I am 22, I have just decided to take time out of a 4-year lesbian relationship. I am confused as to whether I am happy as I have had mixed feelings for a while.
Neither of us had ever been with another girl when we got together, we had boyfriends but nothing serious. We just felt a connection when we met and after 6 months of secrecy, decided to make it official and tell everyone. People were shocked as I am so girly which made me question things years later.
I keep trying to tell myself that I’m in love with a person, not the sex as I don’t believe in labeling people. The bit I do think I’m still coming to terms with being in a gay relationship as I have been brought up to think that you will meet a man, get married, etc. I am attracted to men too but again, I try to tell myself that the gender is irrelevant as long as you feel something for the person.

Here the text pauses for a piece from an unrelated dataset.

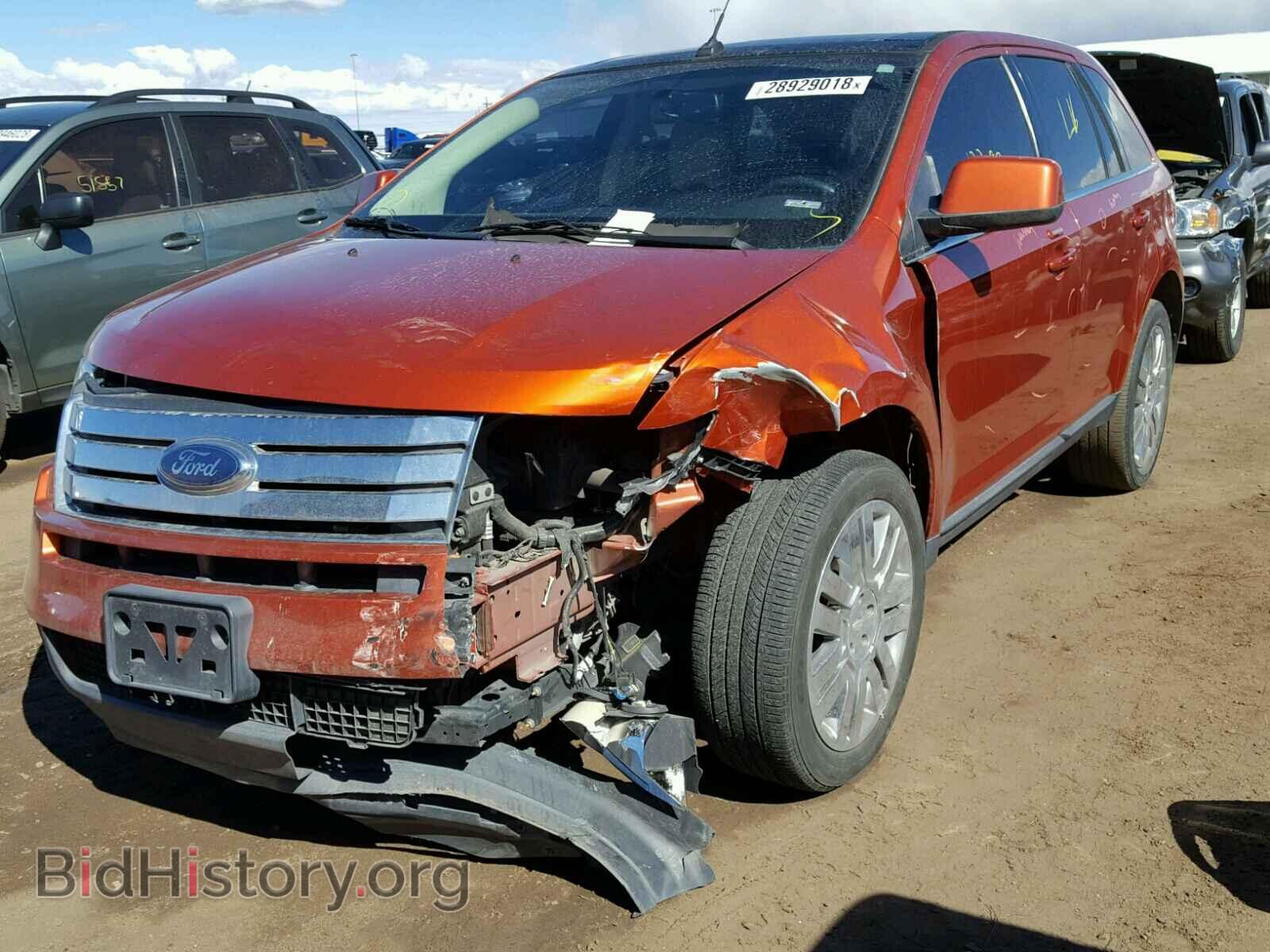 2008 FORD EDGE - VIN: 2FMDK39C48BB49415 - Фото 2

Also, we do not have any gay friends and live in a small town so I have nobody to relate to. My partner is very laid back and seems to cope well but I’m very emotional and care what ppl think. I just don’t know if its the relationship that fizzled out or being in a gay relationship that is the problem?
I’m just so confused and scared. We have decided that I need a time out to think, I need this time to figure out if I’m truly happy. My partner is the most loving caring positive understanding (etc) person you could ever meet which makes it a hard decision. I don’t want to hurt her., but I need to know if I do go back – it’s for the right reasons. Also, our sex life has slowed down and I don’t find her as sexually attractive as I used too. Any advice would be appreciated. Thanks for reading.